# Implements statistical baselines.

import numpy as np
from scipy.stats import gaussian_kde
from scipy.spatial import distance
from scipy.stats import zscore, ks_2samp, mannwhitneyu, entropy
from scipy.stats import wasserstein_distance
from sklearn.metrics import mutual_info_score
from sklearn.preprocessing import KBinsDiscretizer
from sklearn.neighbors import LocalOutlierFactor
from sklearn.ensemble import IsolationForest

def calculate_mahalanobis_distance(X_id, X_ood):
    """
    Calculates the Mahalanobis distance between real and fake data.

    Args:
        X_id (numpy.ndarray): Real data samples.
        X_ood (numpy.ndarray): Fake data samples.

    Returns:
        numpy.ndarray: Mahalanobis distances for each fake data sample.
    """
    epsilon = 1e-5  # Small regularization factor, s.t. no divide by zero error.
    cov_matrix = np.cov(X_id.T)
    cov_matrix += np.eye(cov_matrix.shape[0]) * epsilon  # Regularization
    inv_cov_matrix = np.linalg.inv(cov_matrix)
    mean_diffs = X_ood - np.mean(X_id, axis=0)
    return np.sqrt(np.diag(np.dot(np.dot(mean_diffs, inv_cov_matrix), mean_diffs.T)))

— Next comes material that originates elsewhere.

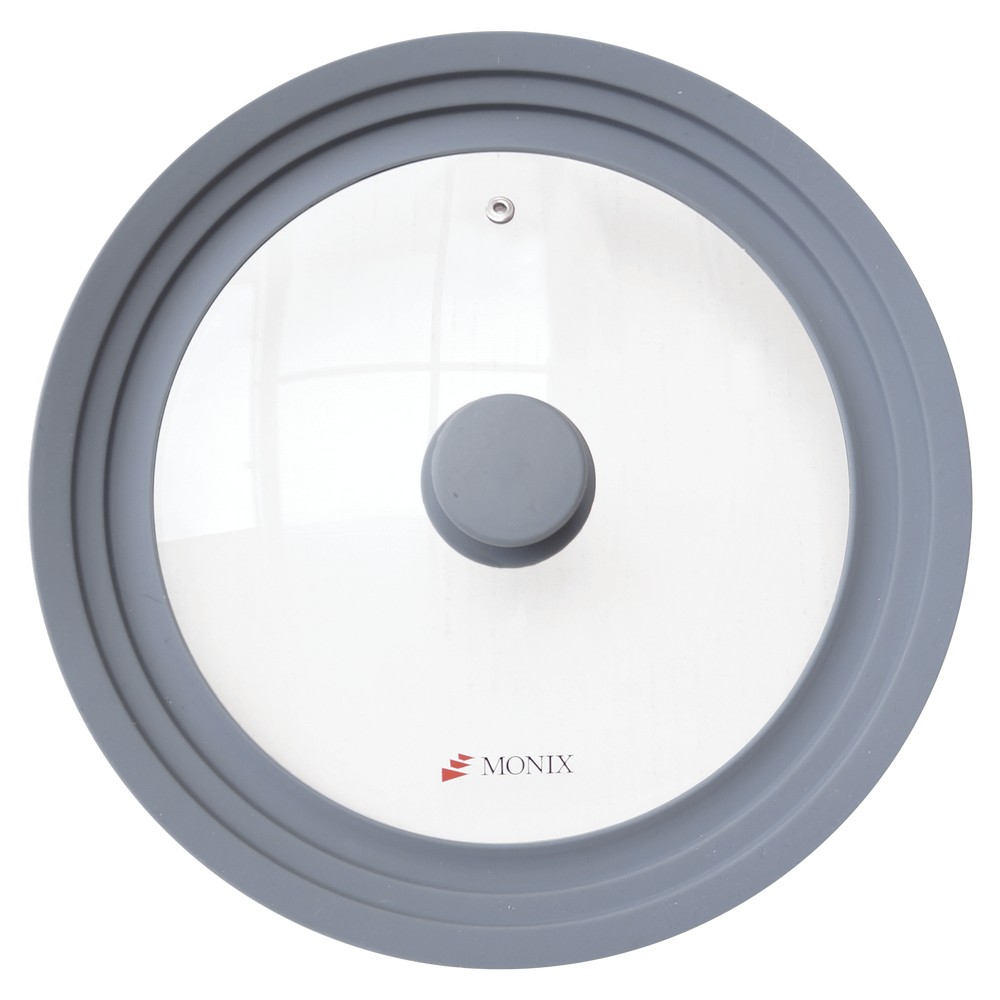 Tapadera de vidrio con silicon gris 26x28x30 pulg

def compute_divergence(p, q, epsilon=1e-10):
    """
    Computes the KL divergence and JS divergence between two distributions with regularization.
    Args:
        p (numpy.ndarray): First distribution.
        q (numpy.ndarray): Second distribution.
        epsilon (float, optional): Small value for regularization. Defaults to 1e-10.
    Returns:
        tuple: A tuple containing the KL divergence and JS divergence.
    """
    p += epsilon
    q += epsilon
    p /= p.sum()
    q /= q.sum()
    kl_div = np.sum(p * np.log(p / q))
    js_div = (kl_div + np.sum(q * np.log(q / p))) / 2
    return kl_div, js_div

def bhattacharyya_distance(p, q, epsilon=1e-10):
    """
    Calculates the Bhattacharyya distance between two distributions.
    Args:
        p (numpy.ndarray): First distribution.
        q (numpy.ndarray): Second distribution.
        epsilon (float, optional): Small value for regularization. Defaults to 1e-10.
    Returns:
        float: Bhattacharyya distance between the distributions.
    """
    p = p + epsilon
    q = q + epsilon
    p /= p.sum()
    q /= q.sum()
    # Compute the Bhattacharyya distance
    return -np.log(np.sum(np.sqrt(p * q)))

def calculate_mutual_information(X_id, X_ood):
    """
    Calculates the mutual information between real and fake data.

    Args:
        X_id (numpy.ndarray): Real data samples.
        X_ood (numpy.ndarray): Fake data samples.

    Returns:
        float: Mutual information score.
    """
    est = KBinsDiscretizer(n_bins=10, encode='ordinal', strategy='uniform')
    X_id_disc = est.fit_transform(X_id.reshape(-1, 1)).ravel()
    X_ood_disc = est.fit_transform(X_ood.reshape(-1, 1)).ravel()
    return mutual_info_score(X_id_disc, X_ood_disc)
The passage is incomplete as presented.